The human being who originally set up the cosmic system, making the
Sun the centre with the Earth circling round it after the manner of
Aristarchus of Samos, felt in his heart the influences of the Sun, felt
in his head the influences of Venus and Mercury. This was experience,
direct experience throughout the human being, and out of this the system
grew. In later time this all-embracing experience was lost. Perceiving
still with eyes and ears and nose, man could no longer perceive with
heart or liver. To have perception from the Sun with one's heart, or
from Jupiter with one's nose, seems like sheer madness to the people
of today. Yet it is possible and it is exact and true. Moreover one
is well aware why they think it madness.
This living with the Universe, intensively and all-awarely, was lost
in course of time. Then Ptolemy conceived a mathematical world-picture
still with a little of the old feeling to begin with, yet in its essence
already detached from the world. The earlier disciples of the Ptolemaic
school still felt, though very slightly, that it is somehow different
with the Sun than with Jupiter for instance. Later they felt it no more.

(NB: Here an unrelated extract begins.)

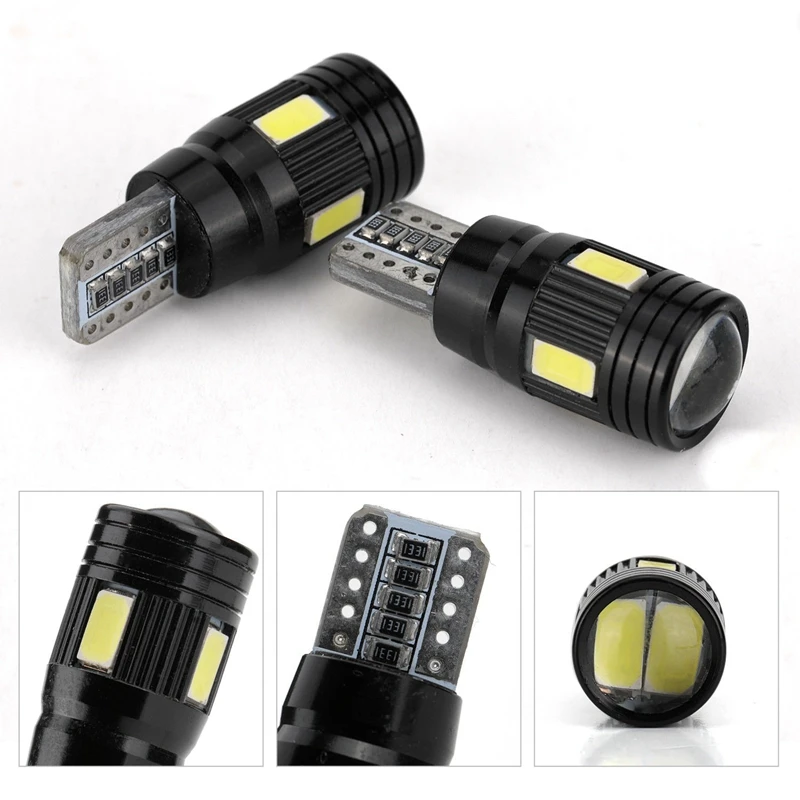 4Pcs Car Canbus T10 LED Light 5730 6Smd Error Free 12V Bulbs W5W 168 194 Lens 6000K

In effect the Sun reveals his influence comparatively simply through
the heart. Jupiter, we must admit, spins like a wheel in our head, -
it is the whirling epicycle. Whilst in a different sense, here indicated
(Figure 1), Venus goes through beneath our heart. In later Ptolemaic
times, all they retained of this was the mathematical aspect, the figure
of the circle: the simple circle for the Sun's path and the more complicated
for the planets. Yet in this mathematical configuration there was at
least some remnant of relation to the human being.
Then even this was lost and the high tide of abstraction came. Today
we must look for the way back, - to re-establish once again from the
entire Man an inner relation to the Cosmos. We have not to go on from
Kepler, as Newton did, into still further abstractions. For Newton put
abstractions in the place of things more real; he introduced mass etc.

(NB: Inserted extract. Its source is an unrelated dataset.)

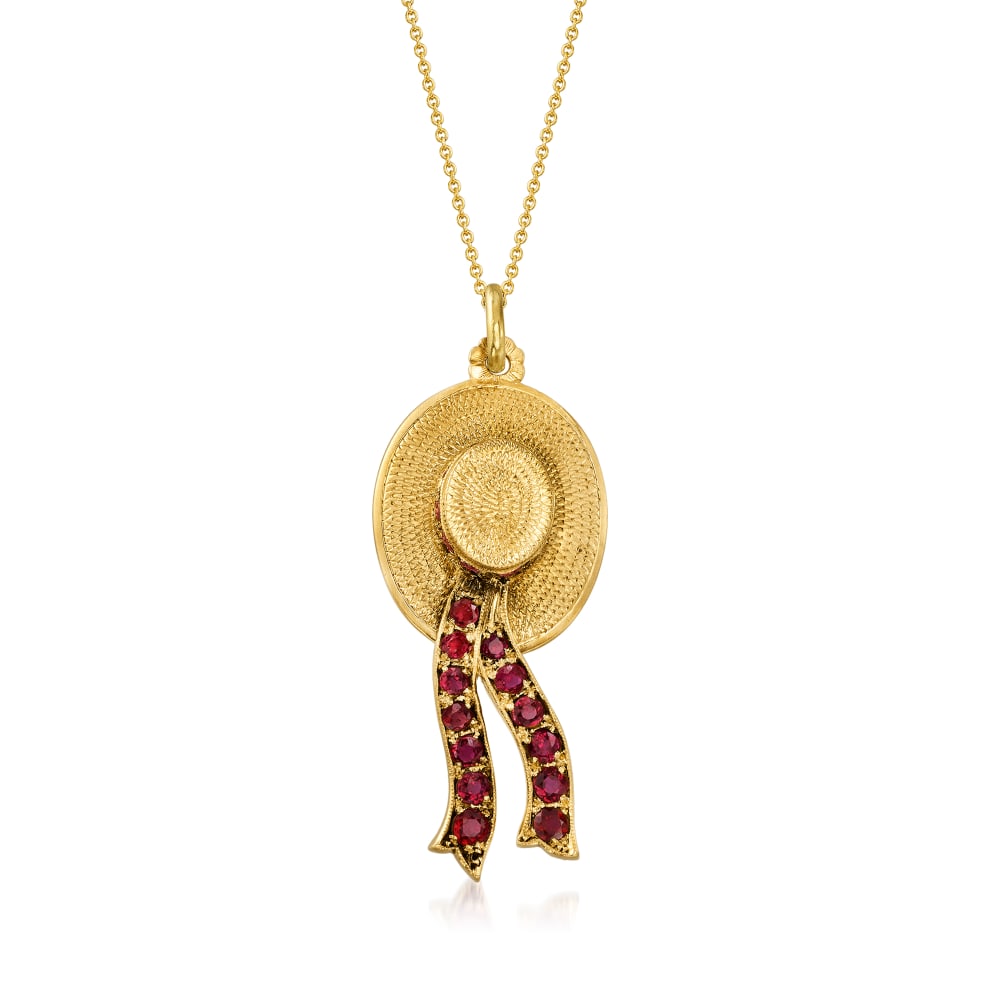 C. 1970 Vintage Nadri 3.45 ct. t.w. Ruby Hat Pendant Necklace in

into the equations - a mere transformation, in effect, yet there is
no empirical fact to vouch for it. We need to take the other road, whereby
we enter reality even more deeply then Kepler did. And to this end we
must include in our ambit what after all is in its life connected with
the rising of the stars across the Heavens, namely the Kingdoms of external
Nature in all their variedness of form and kind.

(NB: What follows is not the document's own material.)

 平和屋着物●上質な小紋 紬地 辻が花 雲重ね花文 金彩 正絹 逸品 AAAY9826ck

Is it not worthy of note that we find a contrast between the superior
planets so-called and the inferior, with the Earth-entity between the
mineral and plant kingdoms along the one branch, the animal and man
along the other? And, that in drawing the two branches of the forked
line, we must put plant and mineral in simple prolongation, while animal
and man must be so drawn as to show the formative process returning
upon itself? (See Figure 3.)
We have put two things and of different kind before us: on the one
hand the paths of the epicycle-centres and of the points on the epicyclic
circumference, revealing a quite different relation to the Sun for the
superior and inferior planets respectively; on the other hand the prolongation
of the plant-forming process speeding on into the mineral, whilst the
animal-forming process turns back upon itself to become man. (The symbolism
of our diagram is justified; as I said yesterday, to recognise it you
need only make a study of Selenka's work.)
These two things side by side we put as problems, and we will try from
thence to reach a cosmic system true to reality.